Rocky Horror was a film that inspired so many people like me simply by existing. By just dreaming it and being it, it showed so many baby queers and burgeoning weirdos like me that we could also simply exist. Midnight screenings were a culture of anarchy, taboo-busting, and a way to be our authentic selves with permission from the great celluloid gods. And it didn’t hurt that the movie was fun, creative, and full of wildly singable tunes.
It was hard for me to make it to a midnight show at 14, but printing out a script for the audience participation from the mysterious internet was almost as good, as long as I could shout at the screen with the girl I shared one summer of delirious, queer-tinted friendship and more with. Rocky Horror was the thing that helped me give permission to another female to touch-a-touch-a-touch me, because we did want to be dirty even if we couldn’t say it out loud.
Even when she left my life, suddenly and cruelly, I still had Rocky there, joining musicals like Rent and shows like Xena in my slow awareness of just how gay I really was. It was something I didn’t really fully understand until college when I was able to make it to midnight shows at the decrepit little theater called the Blue Mouse. I sang along to the “Time Warp” before I ever made it to a pride parade, but now I know it had the same feeling. That sense of belonging, of coming home.
I came to Rocky Horror when it was already twenty years old and the definition of a cult phenomenon. Rocky Horror wasn’t the first queer or camp movie, but it was something special. The sexual freedom, the subversion, and defiance of straight (in every sense of the word) culture had unique magic, thanks not in a small part to the genderfluid, pansexual charisma of Tim Curry as Dr. Frank-N-Furter. So many people before and after me were awakened by Rocky Horror, lured by Frank’s siren song exalting us to be free, queer, and deviant as we wanted to be.
For us nineties kids, who grew up watching Curry in Legend, The Three Musketeers, Clue, Home Alone 2 and so many more, seeing him in garters and fishnets seducing men and women was another level of eye-opening and awakening. Curry’s queerness in the film wasn’t a revelation so much as it was a rosetta stone, translating for all of us why his camp and snarling, sneering charm had always been so enticing.
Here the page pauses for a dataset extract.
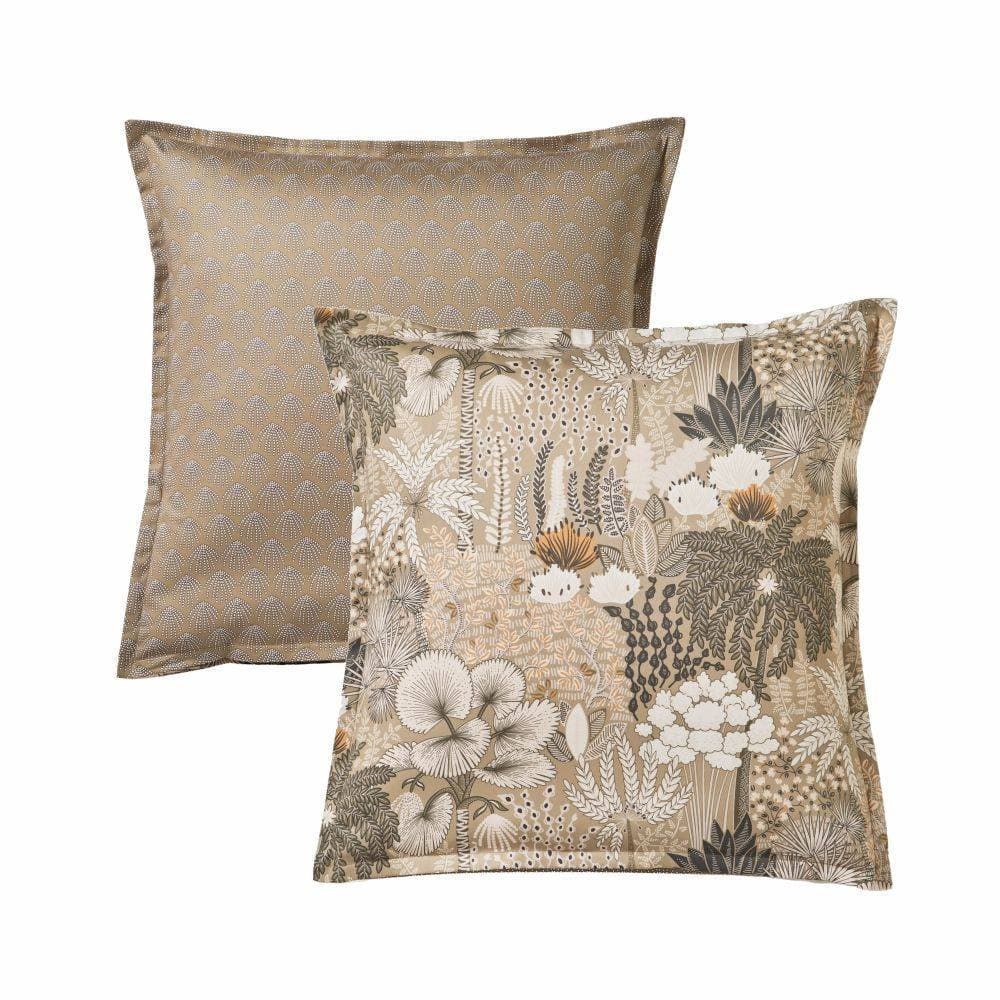 Parure de lit Shalina Naturel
The same went for seeing proper and prim Susan Sarandon in her bra and panties owning her sexuality … before it all goes wrong.
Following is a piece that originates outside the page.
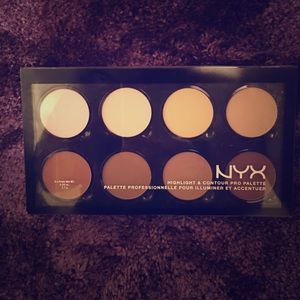 NYX Contour pro pallet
And yeah, Frank and his crew were ultimately killers and aliens, and they’re punished at the film’s tragic end … but the end of the movie of Rocky Horror isn’t the end of its story. Rocky Horror is about more than the narrative of the film, which plays into old and sad tropes about when and how queerness and deviance are allowed to survive on screen. But where the survival mattered, where the dreams and hope Rocky Horror inspired stayed alive, was in its audience.
In the midnight showings, Rocky brought us together. In cable airing and VHS copies, it gave us something to aspire too. Rocky Horror wasn’t just a film that was the first time so many of us saw queerness or ourselves on screen, it showed us the version of ourselves that we could become if we cared not to just dream it, but be it.
Forty-five years later after its release, this is why The Rocky Horror Picture Show will always matter to me. It knew me before I knew me, it showed me the way with a pair of singing lips and a lot of fishnets. No matter how things change or how differently a new audience might see this movie, I’ll always be ready to do the time warp again.